I'm sure your logic is to suggest that we yet lack the means of deciphering even such simple systems. Yet you are also making one extremely strong implicit statement. Systems with sufficient entropy become impossible to 'decode' to any meaningful degree. Consequently, you're arguing that there is a limited amount of entropy in complex social systems. Where is the logic for declaring this a reasonable view? I am not saying this to antagonize. The reason I'm curious is I imagine your view is quite common, yet I've never once heard it plainly stated (and I imagine most who hold such views aren't even aware they hold them). And now it's quite sparked my curiosity!


> Yet in spite of its triviality and the fact that there has likely been more manpower and money dedicated to 'solving' the stock market than perhaps any other endeavor ever, we still remain completely clueless.

It is precisely because of the effort to predict and exploit the stock market that predicting it is so difficult.

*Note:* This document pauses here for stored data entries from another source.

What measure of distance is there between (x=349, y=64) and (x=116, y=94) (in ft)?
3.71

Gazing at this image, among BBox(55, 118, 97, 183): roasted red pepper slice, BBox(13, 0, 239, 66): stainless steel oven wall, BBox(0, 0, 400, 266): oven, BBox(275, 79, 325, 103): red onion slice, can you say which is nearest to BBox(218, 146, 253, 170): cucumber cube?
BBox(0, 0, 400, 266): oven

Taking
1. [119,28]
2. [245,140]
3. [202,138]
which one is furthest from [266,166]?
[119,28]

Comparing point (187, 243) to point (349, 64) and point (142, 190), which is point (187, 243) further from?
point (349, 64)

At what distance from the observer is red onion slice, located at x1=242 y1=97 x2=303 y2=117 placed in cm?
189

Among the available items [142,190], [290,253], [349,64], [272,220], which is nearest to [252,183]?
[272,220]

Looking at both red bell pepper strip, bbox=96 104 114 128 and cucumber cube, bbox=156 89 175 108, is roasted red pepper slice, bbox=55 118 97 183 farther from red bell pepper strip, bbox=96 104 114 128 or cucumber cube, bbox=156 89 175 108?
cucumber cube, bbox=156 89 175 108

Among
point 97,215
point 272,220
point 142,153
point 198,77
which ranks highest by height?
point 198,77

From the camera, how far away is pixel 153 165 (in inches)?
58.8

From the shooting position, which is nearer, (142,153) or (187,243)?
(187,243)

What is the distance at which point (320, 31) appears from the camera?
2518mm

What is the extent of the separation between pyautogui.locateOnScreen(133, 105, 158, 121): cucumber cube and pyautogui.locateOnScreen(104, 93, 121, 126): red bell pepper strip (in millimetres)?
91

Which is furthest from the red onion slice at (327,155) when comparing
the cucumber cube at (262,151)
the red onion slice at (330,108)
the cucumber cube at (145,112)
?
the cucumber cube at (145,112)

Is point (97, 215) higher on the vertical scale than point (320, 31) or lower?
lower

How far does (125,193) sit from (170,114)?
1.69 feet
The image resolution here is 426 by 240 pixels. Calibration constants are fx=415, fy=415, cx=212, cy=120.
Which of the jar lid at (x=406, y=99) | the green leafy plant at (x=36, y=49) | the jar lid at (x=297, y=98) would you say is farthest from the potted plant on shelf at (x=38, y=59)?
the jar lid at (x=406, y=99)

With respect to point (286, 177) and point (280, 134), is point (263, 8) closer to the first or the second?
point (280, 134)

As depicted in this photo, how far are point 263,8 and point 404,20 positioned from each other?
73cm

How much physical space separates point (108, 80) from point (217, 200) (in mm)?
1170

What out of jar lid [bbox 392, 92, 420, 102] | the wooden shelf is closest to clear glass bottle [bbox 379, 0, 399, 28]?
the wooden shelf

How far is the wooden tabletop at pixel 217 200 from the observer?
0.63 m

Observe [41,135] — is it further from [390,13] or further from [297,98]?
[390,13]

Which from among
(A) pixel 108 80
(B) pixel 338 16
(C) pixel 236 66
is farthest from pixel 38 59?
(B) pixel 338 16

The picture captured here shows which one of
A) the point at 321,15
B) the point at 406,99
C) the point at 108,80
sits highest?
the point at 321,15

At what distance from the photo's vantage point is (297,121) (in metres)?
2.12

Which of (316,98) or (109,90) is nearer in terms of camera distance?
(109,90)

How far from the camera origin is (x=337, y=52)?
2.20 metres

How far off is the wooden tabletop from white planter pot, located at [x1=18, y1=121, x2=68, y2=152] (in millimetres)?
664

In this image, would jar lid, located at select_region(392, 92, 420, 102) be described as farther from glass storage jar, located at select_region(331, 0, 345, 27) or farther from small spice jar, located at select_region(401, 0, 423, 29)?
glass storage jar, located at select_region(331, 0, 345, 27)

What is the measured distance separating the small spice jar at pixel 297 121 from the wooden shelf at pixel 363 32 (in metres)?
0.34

https://www.lesswrong.com/posts/h24JGbmweNpWZfBkM/markets-ar...

Markets Are Anti-Inductive

Let's say you see me flipping a coin. It is not necessarily a fair coin. It's a biased coin, and you don't know the bias. I flip the coin nine times, and the coin comes up "heads" each time. I flip the coin a tenth time. What is the probability that it comes up heads?

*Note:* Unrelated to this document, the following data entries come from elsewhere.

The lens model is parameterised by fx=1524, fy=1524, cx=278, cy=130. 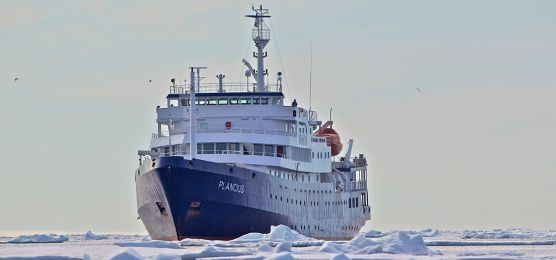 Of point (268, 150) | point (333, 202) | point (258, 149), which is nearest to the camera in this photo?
point (258, 149)

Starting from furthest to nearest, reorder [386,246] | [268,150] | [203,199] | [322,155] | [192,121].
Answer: [322,155] < [268,150] < [192,121] < [203,199] < [386,246]

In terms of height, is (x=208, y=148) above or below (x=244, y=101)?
below

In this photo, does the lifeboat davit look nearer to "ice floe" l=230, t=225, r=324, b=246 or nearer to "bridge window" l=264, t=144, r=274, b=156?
"bridge window" l=264, t=144, r=274, b=156

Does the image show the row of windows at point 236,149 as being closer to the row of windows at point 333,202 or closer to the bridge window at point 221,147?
the bridge window at point 221,147

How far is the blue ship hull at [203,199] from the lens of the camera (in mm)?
66875

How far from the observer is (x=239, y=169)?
6906 centimetres

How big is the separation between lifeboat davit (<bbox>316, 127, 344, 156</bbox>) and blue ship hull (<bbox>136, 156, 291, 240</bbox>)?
2080 cm

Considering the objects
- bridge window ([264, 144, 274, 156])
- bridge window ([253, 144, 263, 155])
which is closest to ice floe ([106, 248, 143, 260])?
bridge window ([253, 144, 263, 155])

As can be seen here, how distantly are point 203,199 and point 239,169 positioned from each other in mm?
2663

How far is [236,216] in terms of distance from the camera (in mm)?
68875

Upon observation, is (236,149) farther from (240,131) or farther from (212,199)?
(212,199)

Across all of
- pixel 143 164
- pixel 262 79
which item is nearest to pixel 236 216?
pixel 143 164

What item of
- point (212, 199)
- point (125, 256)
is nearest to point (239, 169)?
point (212, 199)

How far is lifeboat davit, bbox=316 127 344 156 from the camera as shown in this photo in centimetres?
9144
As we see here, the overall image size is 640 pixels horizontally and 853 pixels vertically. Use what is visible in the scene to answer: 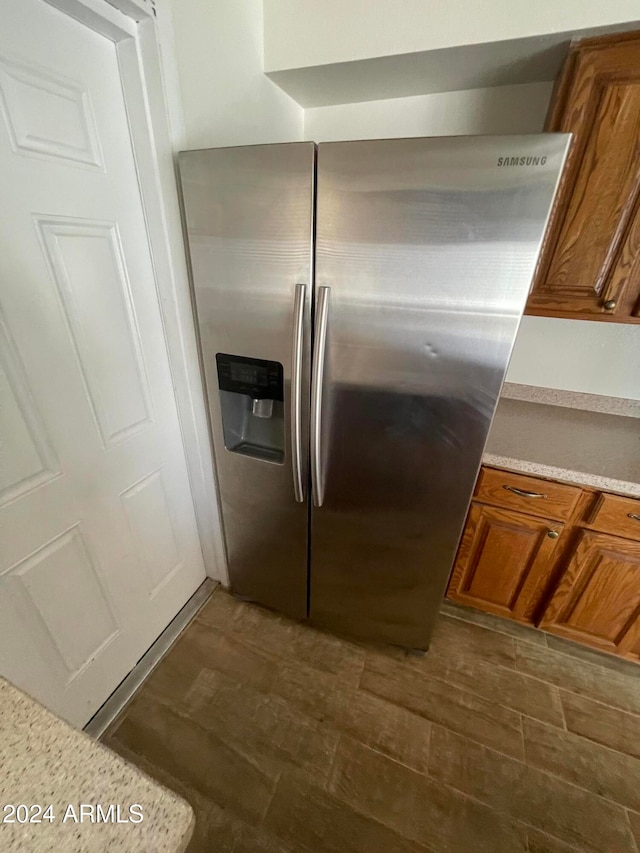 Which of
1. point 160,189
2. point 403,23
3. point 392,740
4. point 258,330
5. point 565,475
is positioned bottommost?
point 392,740

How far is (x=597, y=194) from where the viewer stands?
104 centimetres

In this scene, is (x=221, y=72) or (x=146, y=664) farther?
(x=146, y=664)

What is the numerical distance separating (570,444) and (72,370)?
1.69m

If you answered "ten-elevenths, by Laplace's Rule of Succession", you are a fine scientist in ordinary environments, but you will lose money in finance.

In finance the correct reply is, "Well... if everyone else also saw the coin coming up heads... then by now the odds are probably back to fifty-fifty."

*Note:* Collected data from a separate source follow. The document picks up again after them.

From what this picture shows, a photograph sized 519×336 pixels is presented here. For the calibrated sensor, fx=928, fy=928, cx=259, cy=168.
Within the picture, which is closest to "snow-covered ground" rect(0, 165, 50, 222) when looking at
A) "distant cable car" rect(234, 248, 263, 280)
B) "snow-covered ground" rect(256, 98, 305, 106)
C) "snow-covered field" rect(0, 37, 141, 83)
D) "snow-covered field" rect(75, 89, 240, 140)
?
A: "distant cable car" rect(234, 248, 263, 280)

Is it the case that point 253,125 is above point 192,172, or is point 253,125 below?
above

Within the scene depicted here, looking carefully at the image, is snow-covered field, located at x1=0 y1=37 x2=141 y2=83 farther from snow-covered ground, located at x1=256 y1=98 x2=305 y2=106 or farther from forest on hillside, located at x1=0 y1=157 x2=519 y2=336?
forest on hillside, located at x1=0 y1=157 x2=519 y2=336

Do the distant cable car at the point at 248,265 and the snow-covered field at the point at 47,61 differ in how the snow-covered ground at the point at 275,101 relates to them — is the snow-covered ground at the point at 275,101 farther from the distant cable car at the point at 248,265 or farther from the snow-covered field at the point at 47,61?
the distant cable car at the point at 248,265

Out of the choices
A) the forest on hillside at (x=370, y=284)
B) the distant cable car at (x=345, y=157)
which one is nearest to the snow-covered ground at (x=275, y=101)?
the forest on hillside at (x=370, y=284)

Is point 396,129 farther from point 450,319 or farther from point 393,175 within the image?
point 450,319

Recently on Hacker News I saw a commenter insisting that stock prices had nowhere to go but down, because the economy was in such awful shape. If stock prices have nowhere to go but down, and everyone knows it, then trades won't clear - remember, for every seller there must be a buyer - until prices have gone down far enough that there is once again a possibility of prices going up.


According to Nigel Nicolson in "Napoleon 1812," Tolstoy's fatalistic outlook about the war (if not all of his historical detail) is actually fairly accurate. The Russians didn't fend off Napoleon by understanding the nature of the complex system in which they were embedded, but rather through sheer indecision, which had the effect of an accidental Fabian strategy: preserving their army by avoiding any catastrophic battle in which it would have been entirely destroyed. The one major action fought at Borodino — which has a near-mystical significance for Russians — was motivated mostly by political pressure (to avoid the appearance of cowardice), but probably wasn't necessary at all. It was likely that Napoleon had already doomed his army the minute he crossed the Neman, due to his refusal to grasp the sheer scale of the supply and transport problem related to marching half a million troops into Western Russia in late June. In fact, his Marshals had mostly recommended against it — but due to the caprice of one man, one million people died in a year. It's hard to argue that one could understand, predict, or mitigate this.

Nicolson goes on to point out how the Nazis — who were well aware of the example — made many of the same mistakes as Napoleon, who himself was repeating the same mistakes as Charles XII in his doomed invasion a hundred years earlier.

It's not to say that the problems of war and society are impossible to understand — but human factors such as hubris, bias, cults of personality, politics by committee, etc. usually conspire to obscure their solutions, even with the perspective of time.


Did you mean Herbert's "Dune"? Or did the movie diverge from the book?


David Lynch's "Dune" is always described as "David Lynch's 'Dune'" because he, uh, made the movie very much his own.


"On the battlefield, it's not the army with the better strategy or equipment that prevails, but the one whose soldiers simply decide it's their time to win."